- ACTION ITEM -
Every entry below should be written out exactly, and no image should appear.

BEGIN

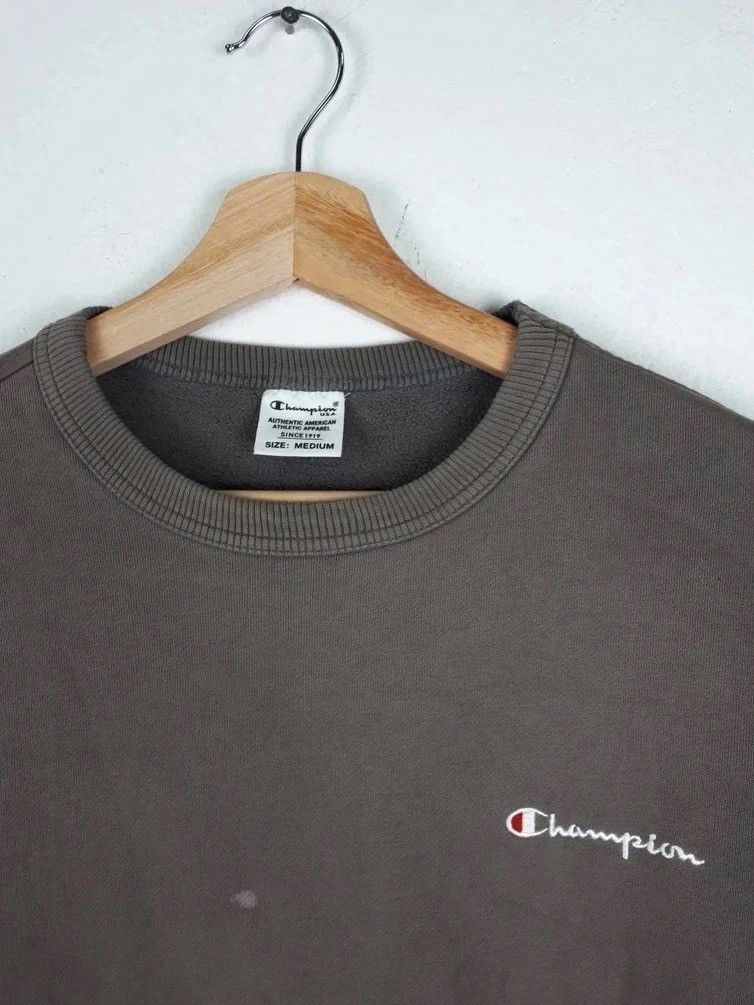 Champion × Japanese Brand × Vintage Vintage Champion Script Logo Embroidery Sweatshirt Size US S / EU 44-46 / 1 - 2 Thumbnail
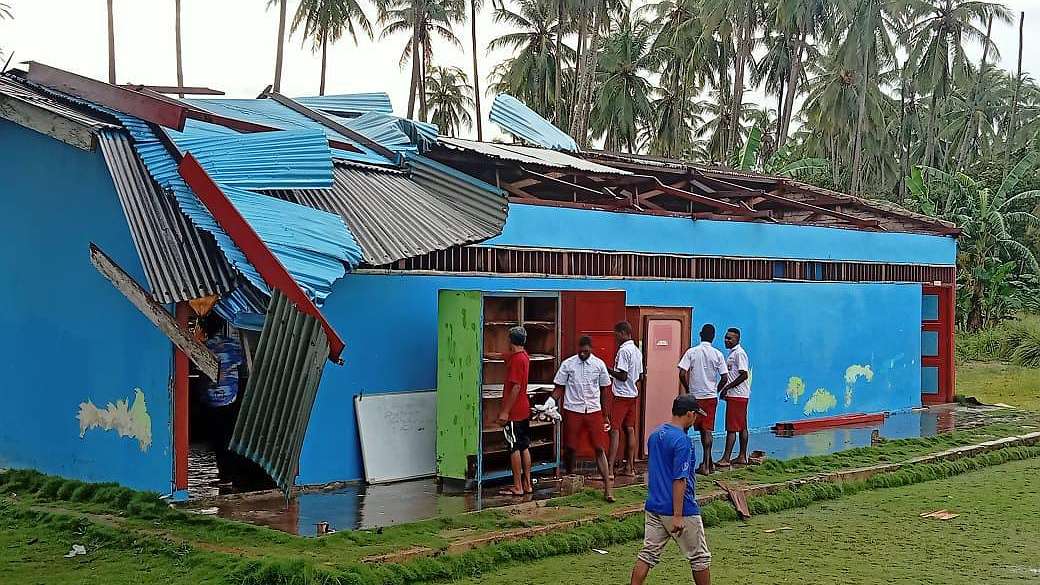 sekolah-yppk-di-potowayburu-dihantam-puting-beliung-bpbd-kirim-bantuan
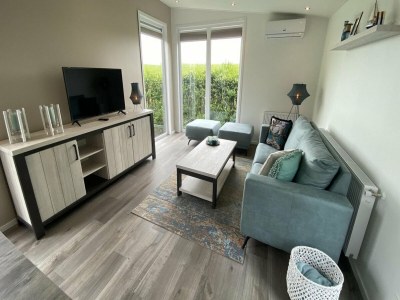 Chalet Chalet in Zeeland near Sandy Beach & Nature - Outdoor photo 7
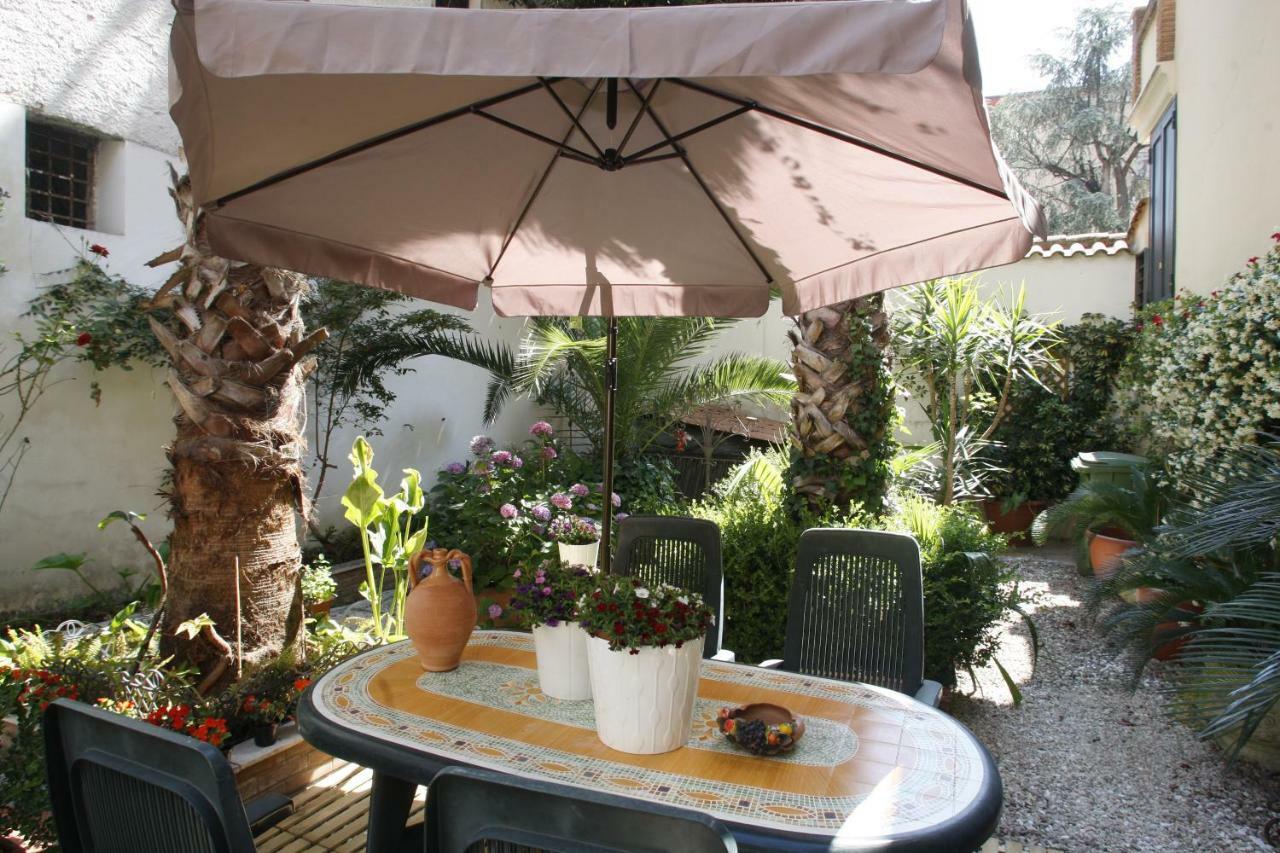 Residenza D'Epoca B&B Celeste กาแซร์ตา ภายนอก รูปภาพ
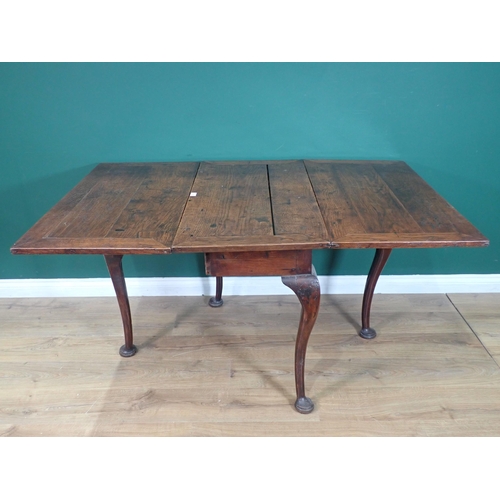 519 - An 18th Century and later oak dropleaf Dining Table on pad feet 3ft 3in W x 2ft 5in H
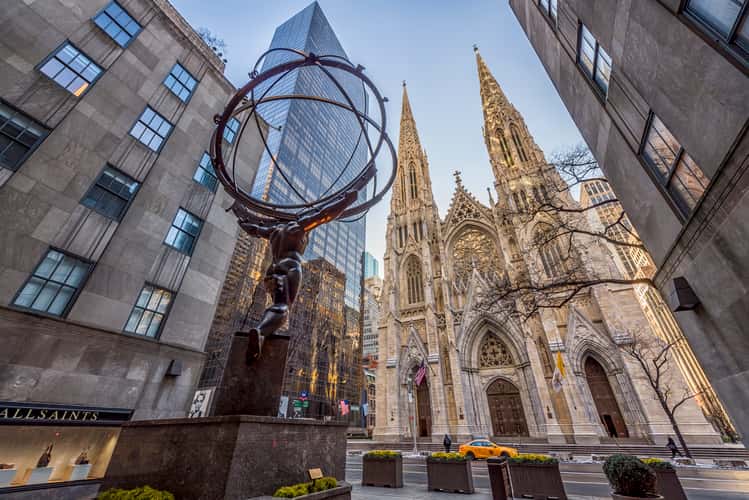 Atlas statue at the Rockefeller Center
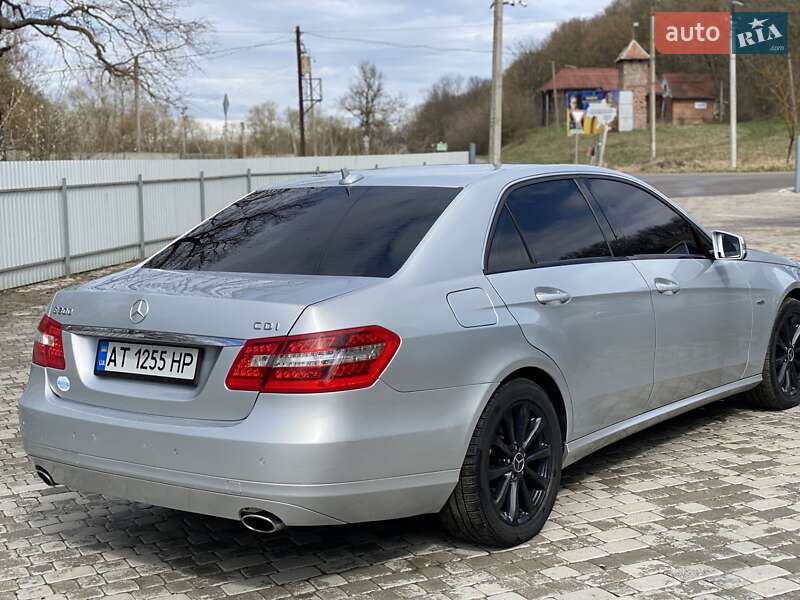 Седан Mercedes-Benz E-Class 2010 в Коломые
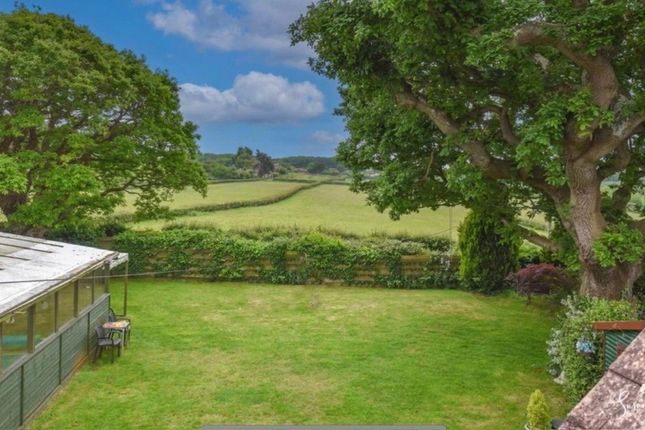 4, Woodside Avenue, Sandown photo 2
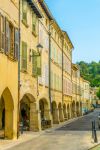 Antichi palazzi affacciati nel centro di Villeneuve-les-Avignon, Francia.

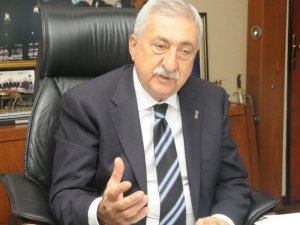 “Esnafımız faiz düşüşlerinden yararlanmalı”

END

- WRITTEN ANSWER -
 Champion × Japanese Brand × Vintage Vintage Champion Script Logo Embroidery Sweatshirt Size US S / EU 44-46 / 1 - 2 Thumbnail
 sekolah-yppk-di-potowayburu-dihantam-puting-beliung-bpbd-kirim-bantuan
 Chalet Chalet in Zeeland near Sandy Beach & Nature - Outdoor photo 7
 Residenza D'Epoca B&B Celeste กาแซร์ตา ภายนอก รูปภาพ
 519 - An 18th Century and later oak dropleaf Dining Table on pad feet 3ft 3in W x 2ft 5in H
 Atlas statue at the Rockefeller Center
 Седан Mercedes-Benz E-Class 2010 в Коломые
 4, Woodside Avenue, Sandown photo 2
 Antichi palazzi affacciati nel centro di Villeneuve-les-Avignon, Francia.

 “Esnafımız faiz düşüşlerinden yararlanmalı”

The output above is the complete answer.